Zion in Africa by MacMillan Hugh;Shapiro Frank;

Zion in Africa by MacMillan Hugh;Shapiro Frank;

Author:MacMillan, Hugh;Shapiro, Frank;
Language: eng
Format: epub
Publisher: I. B. Tauris & Company, Limited
Published: 2019-12-06T00:00:00+00:00


Lusaka Cold Storage

As the war ended, Abe moved to Lusaka. After a visit to South Africa in 1945, he married Vera Harris, whom he met through his brothers in Johannesburg. The newly married couple rented a house from George Hurwitz in which electricity had just been installed, but the toilets were outside. There were still no street lights in the town, and the fuel used for cooking was wood and charcoal. The town was still liable to annual floods, and the stream which runs down the centre of Cairo Road had not yet been covered.

Abe had invested some of the proceeds of his Mongu ventures in buying out ‘Tubby’ Wulfsohn’s share in a Lusaka butchery. He then found himself in partnership with E. W Dechow, who had been the general manager of Werners butcheries until the previous year. Dechow was a heavy drinker and Abe saw his capital rapidly eroding.

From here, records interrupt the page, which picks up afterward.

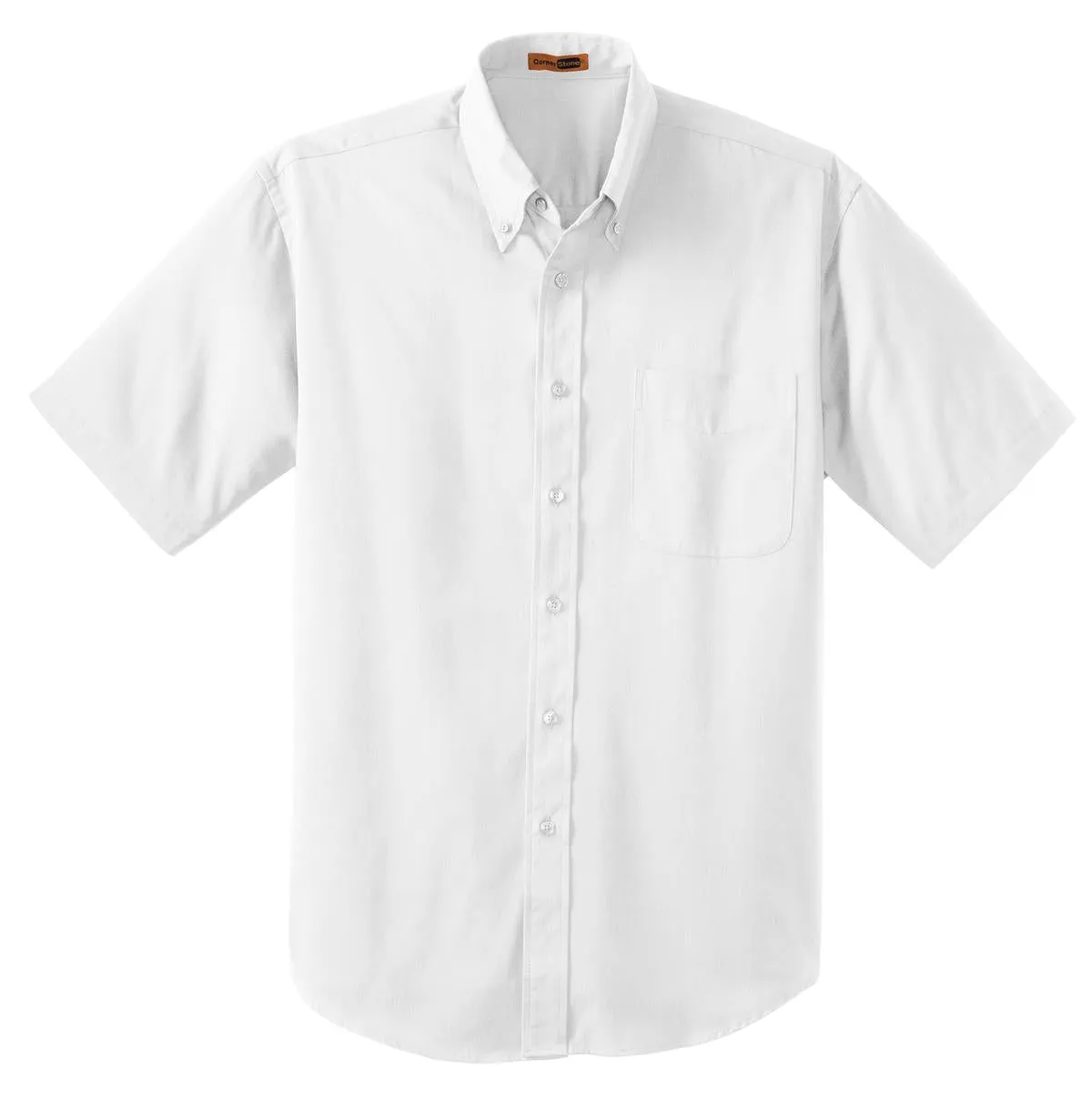 CornerStone Men's Short Sleeve SuperPro Twill Shirt. SP18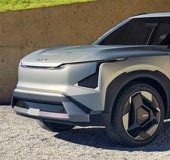 Kia unveils electric SUV EV5, to offer 482 km range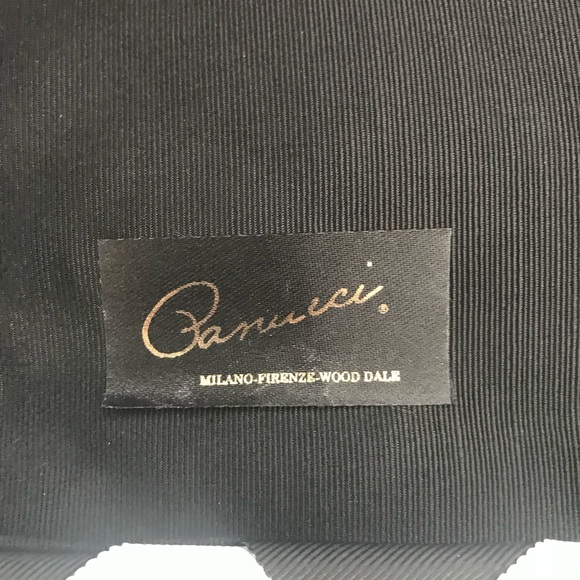 Panucci Fabric Clutch/Shoulder bag - Picture 3 of 7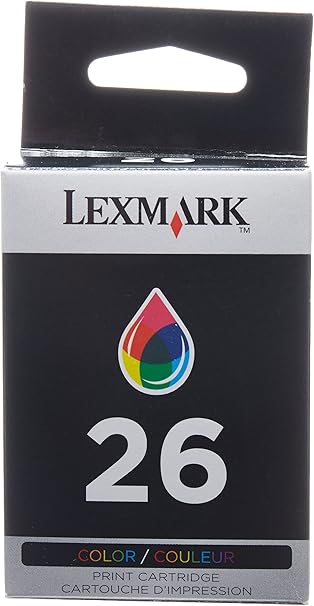 lexmark 26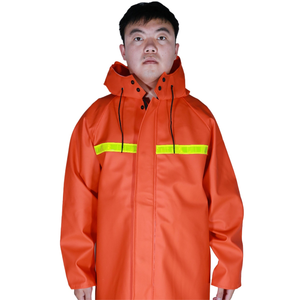 Impermeable Personalizado, Cortavientos, Ropa Impermeable y Duradera con Bolsillo Oculto - Product Image 1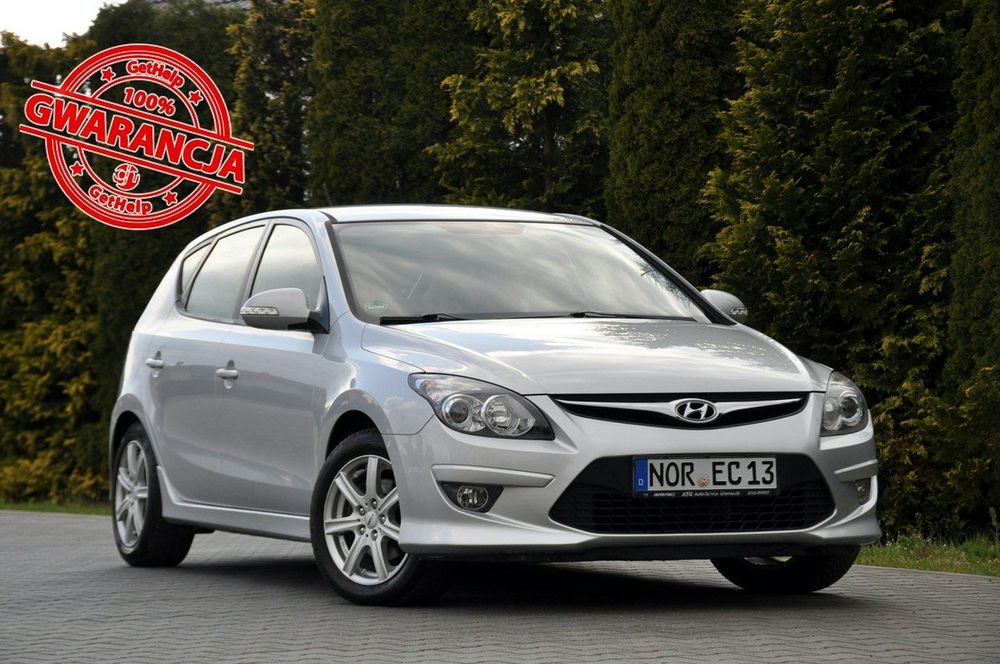Hyundai i30 I 2011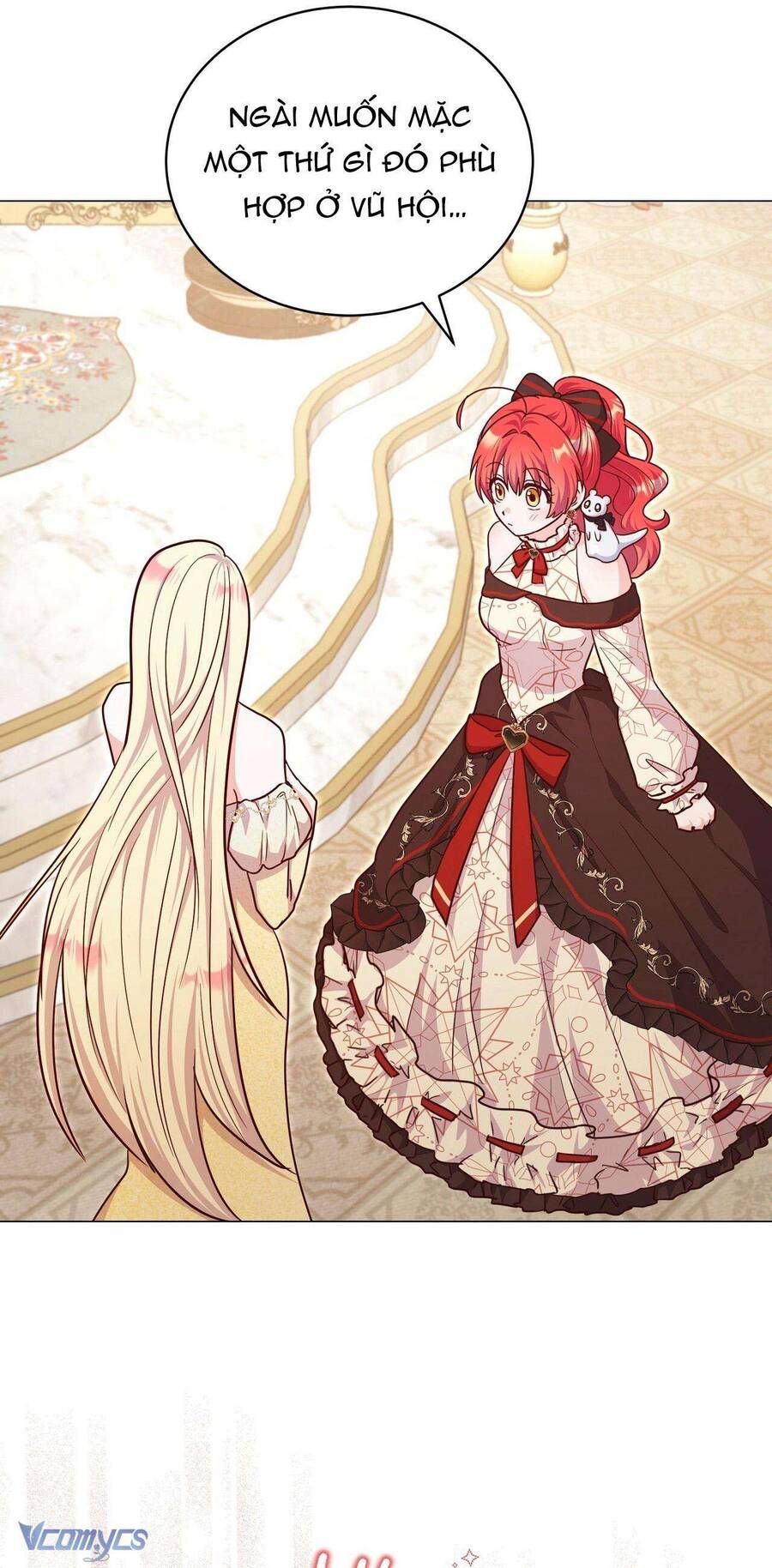 Kết Thúc Viên Mãn Không Cần Tình Yêu: Chapter 7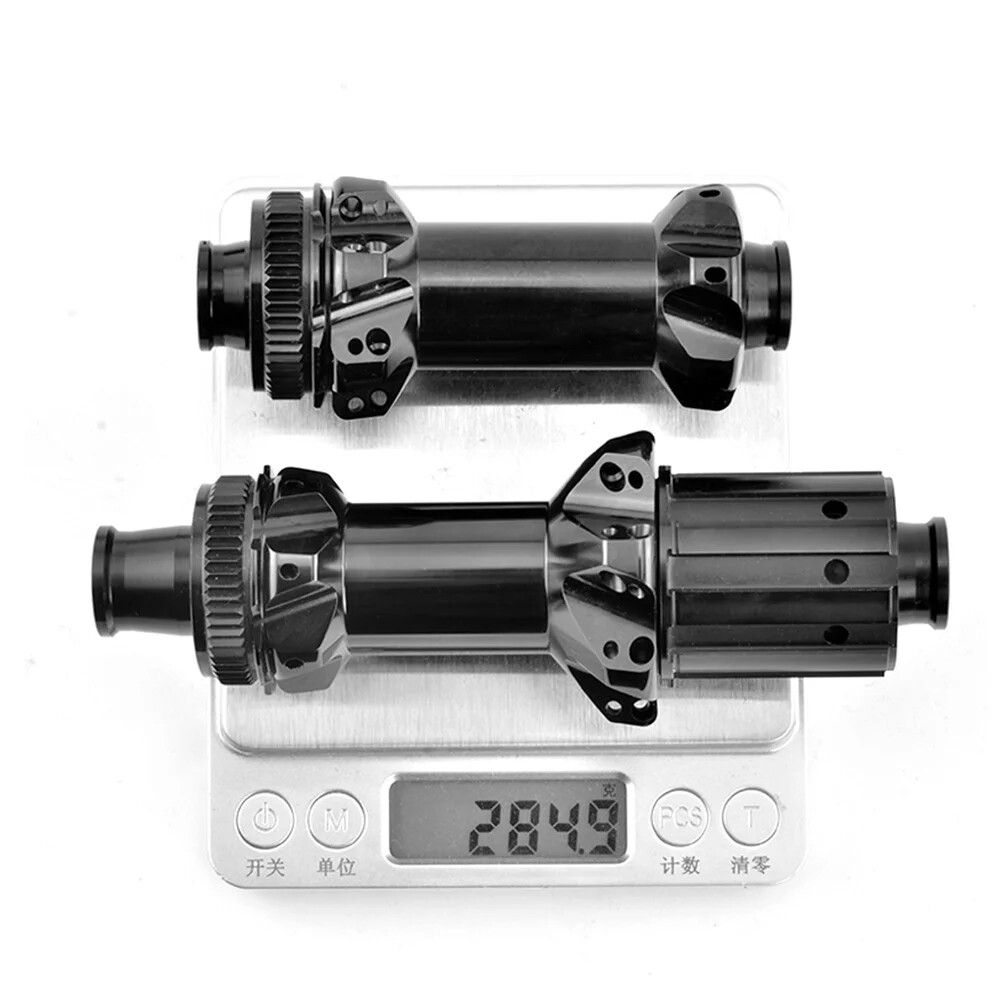 Road Bicycle Hub HG XDR Sealed Bearing Straight Pull V-Brake Central Lock Hub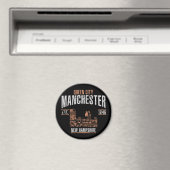 Aimant Manchester (In Situ (Lave-vaisselle))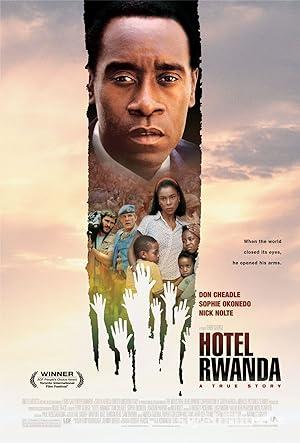 Ruanda Oteli 2004 Filmi Türkçe Dublaj Altyazılı Full izle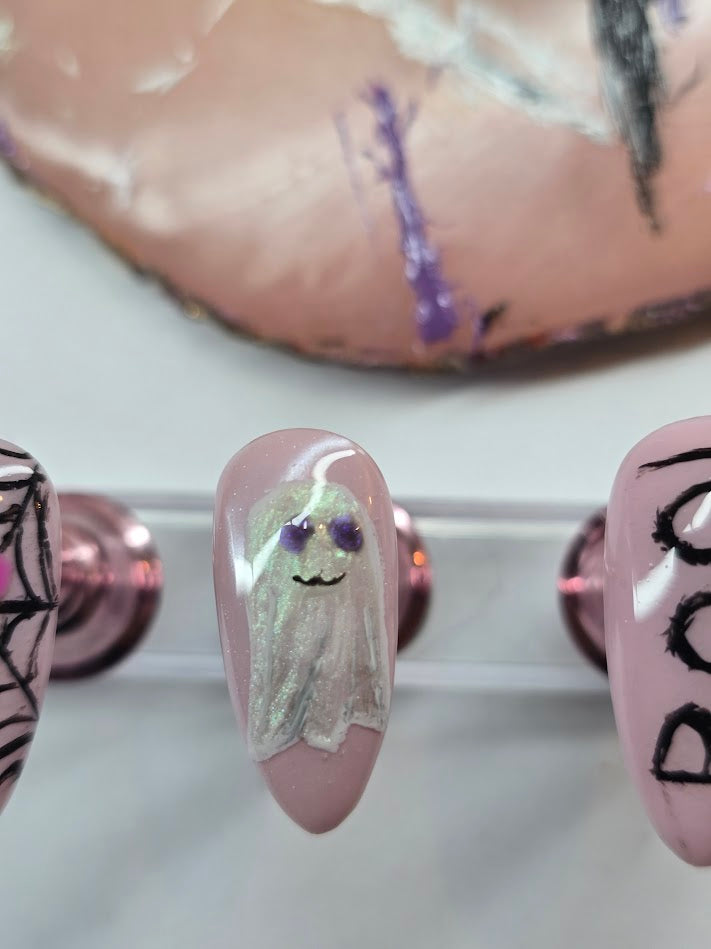 Boo!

The partnership was gazetted in August, and dissolved in October, 1945.3 Dechow then handed over his share in the business in settlement of a debt, and Abe became the sole owner of the Lusaka Butchery with its main branch in Cairo Road, and another in the second-class trading area. He soon found that he had ventured into a business in which competition was fierce. In Lusaka itself the main opposition came from the veteran Sam Haslett, a Scotsman who had acquired fame as a cattle trader and auctioneer in Northern Rhodesia before the First World War. Haslett eventually agreed to merge his business with Abe’s, but he insisted that his manager should become a partner in the combined firm. Haslett had rejected Abe’s original offer of commercial cooperation, but was persuaded to change his mind when he lost an important government contract to him. Haslett found it particularly galling that, after forty years in the country, he should lose the contract to a younger man when they had both tendered for the same price – six pence and three farthings a pound. Abe attributed his success to the contacts that he had made, and the reputation for honest business which he had acquired, during his years in Barotseland. The new firm, Lusaka Cold Storage Ltd, was registered in January 1946, and continues to occupy Haslett’s site on Cairo Road until the present day.4

The opposition now came from the big meat firms, especially Werners. The battle here was not over markets, as Abe could not threaten their mine contracts or their Copperbelt retail business, but over sources of supply. When Abe undertook to buy 300 head of cattle from a sympathetic Afrikaner farmer, who usually sold to Werners, Max Barnett, Werners’ new manager, was not amused. The farmer was warned that Abe did not have £3,000 in ready money with which to pay. When the farmer demanded cash down, Abe told him that he would be back in two hours with the money. He managed to persuade a bank manager to give him an immediate and unsecured loan of £4,000. Northern Rhodesian banks were not in the habit of gambling, but Abe’s powers of persuasion were unusual.